Agency India

Future is getting back to the roots: Osama Jalali

The food patterns in a particular place change every couple of years, says Osama Jalali. The Delhi food scene has also seen a lot of changes in the past decade driven by the advent of global cuisine and people”s inclination towards experimenting with flavors.

“People today have started traveling internationally and across the country and are not afraid to try different cuisines. Delhi”s food scene is changing in a way that there are a lot of international cuisines that are now playing a major part of the food circuit here. This has driven a prominent change in the last decade. Also, people are now more open to trying new cuisines and are not restrained to their old-school traditional flavors,” the writer, researcher, historian-turned chef tells IANSlife.

With so much focus on the food industry, this has drawn interest towards the good, old-school Delhi food and it is popular among the locals as well as tourists.

“A lot of food walks, tours are now curated which has improved the food scene and help popularise old school culture and old shops of the walled city. When you go to old Delhi, you will see out of all, there are almost 80 percent tourists eating at Karim”s,” he says.

“Ten-15 years ago no one used to travel to Old Delhi to have ”Aslam ka chicken tikka” but today it”s a rage. People love to travel to old Delhi and try the food there.”

However, the changing demographics of the city has also caused some modification of the traditional flavors and cooking processes.

“Earlier, there was no butter used in ”tikkas” and ”sheekh kebabs” in Old Delhi, but now when you go to Jama Masjid in Old Delhi, you will see pouring butter on top. At all the ”nihari” shops, there was no use of tomatoes in any of the recipes, but now you will see a lot of tomatoes being used. So with people coming in from different states and regions, it influences the cuisine as well,” he notes.

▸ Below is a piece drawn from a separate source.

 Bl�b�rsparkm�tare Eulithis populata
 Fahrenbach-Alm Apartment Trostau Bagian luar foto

Additionally, with changing lifestyles of people also affect food and the process of cooking, he says. “Everything is being made to order or it”s a quick recipe thing, because of which many cuisines are also getting lost. They are not ready to put in the effort. And this is why many cuisines are getting lost or diluted.”

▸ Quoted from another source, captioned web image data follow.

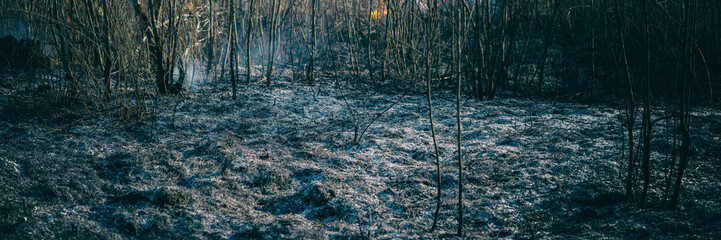 ash of burnt grass in field near forest, some smoke in distance, panorama vintage color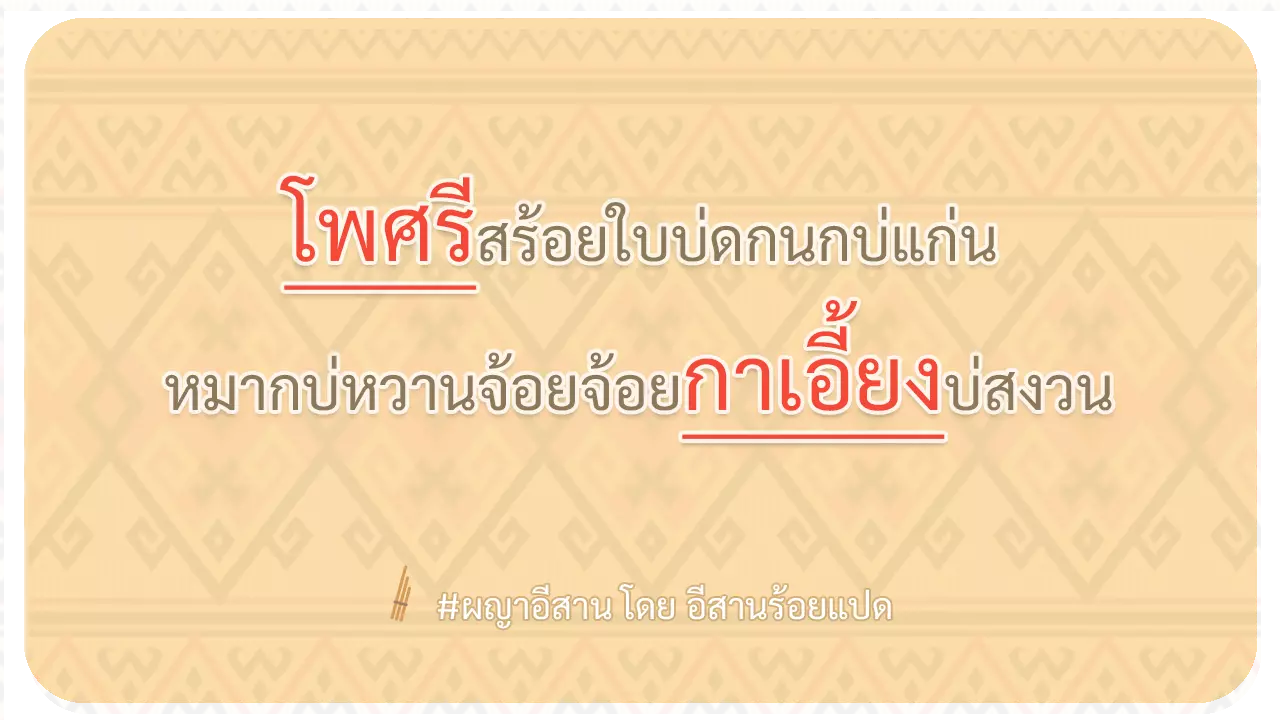 ผญา โพศรีสร้อย ใบบ่ดกนกบ่แก่น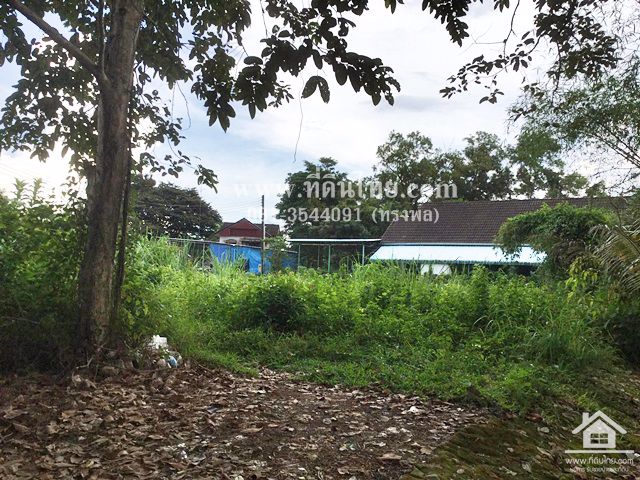 ขายที่ดินเพื่อที่อยู่อาศัย-ติดแม่น้ำจันทุรี-โฉนด-153ตรว-ตท่าช้าง-อเมือง-จจันทบุรี-รหัส-l296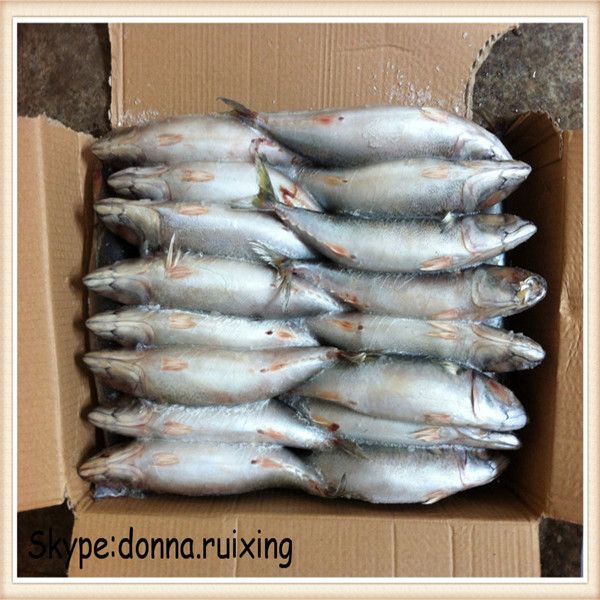 Frozen Pacific Mackerel(scomber Japonicus) whole round in high quality for bait or market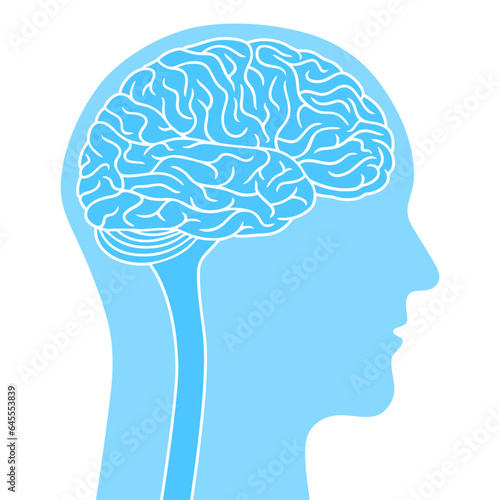 Human head with brain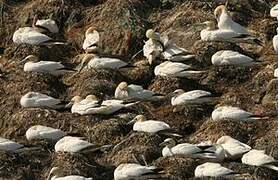 Northern Gannet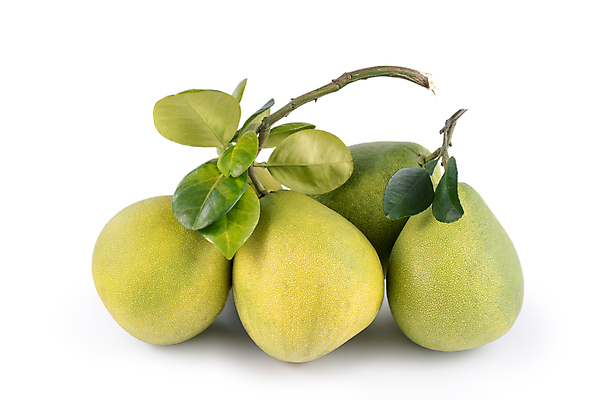 포토 JPG 해외이미지 잎 과일 사람없음 연두색 포멜로 해외포토 식물 초록색 파일형식 이미지허브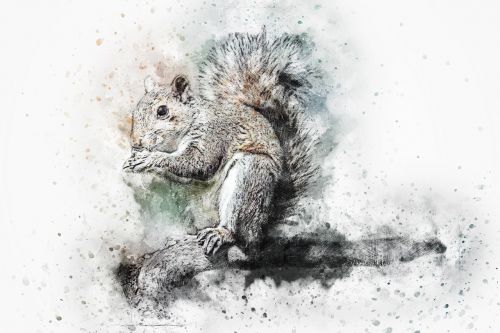 squirrel animal art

Jalali, who often conducts food festivals with his mother and wife, says the best way to preserve any recipe or cuisine is to teach others. “Earlier our people used to hide recipes and not pass on to the next generation. But today if we do this, our cuisine will be lost. To teach and pass on the recipes as much as you can,” he points out.

“It is good to see that almost all the hotels today are organizing regional food festivals and pop-ups where they call home chefs to cook traditional food. They have realized that the future is getting back to the roots,” he concludes.